Saved entries
------------------------
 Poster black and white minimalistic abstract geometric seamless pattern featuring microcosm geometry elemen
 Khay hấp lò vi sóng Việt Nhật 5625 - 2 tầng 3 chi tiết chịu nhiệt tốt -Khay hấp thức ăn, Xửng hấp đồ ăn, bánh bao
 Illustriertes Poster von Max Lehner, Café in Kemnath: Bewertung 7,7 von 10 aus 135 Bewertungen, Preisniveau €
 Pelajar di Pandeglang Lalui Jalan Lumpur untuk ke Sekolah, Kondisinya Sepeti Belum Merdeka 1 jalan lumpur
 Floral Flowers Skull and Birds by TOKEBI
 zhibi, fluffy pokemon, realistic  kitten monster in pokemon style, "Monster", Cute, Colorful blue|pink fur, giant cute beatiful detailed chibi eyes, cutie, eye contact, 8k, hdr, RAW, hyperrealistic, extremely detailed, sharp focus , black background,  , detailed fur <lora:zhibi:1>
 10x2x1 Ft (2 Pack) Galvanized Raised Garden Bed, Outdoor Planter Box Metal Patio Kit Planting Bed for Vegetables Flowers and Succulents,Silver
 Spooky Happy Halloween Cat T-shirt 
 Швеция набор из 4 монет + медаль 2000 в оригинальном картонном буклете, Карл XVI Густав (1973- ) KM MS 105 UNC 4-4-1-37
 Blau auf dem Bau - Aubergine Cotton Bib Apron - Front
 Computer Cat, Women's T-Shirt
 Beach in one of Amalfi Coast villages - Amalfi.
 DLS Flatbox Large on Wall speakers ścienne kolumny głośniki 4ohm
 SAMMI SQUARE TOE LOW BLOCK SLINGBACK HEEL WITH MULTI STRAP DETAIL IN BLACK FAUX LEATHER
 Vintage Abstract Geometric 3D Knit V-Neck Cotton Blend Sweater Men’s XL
------------------------
* [Problem details] For the string "Cotton", search the preceding data and copy every line that includes it.

* [Task response]
 Blau auf dem Bau - Aubergine Cotton Bib Apron - Front
 Vintage Abstract Geometric 3D Knit V-Neck Cotton Blend Sweater Men’s XL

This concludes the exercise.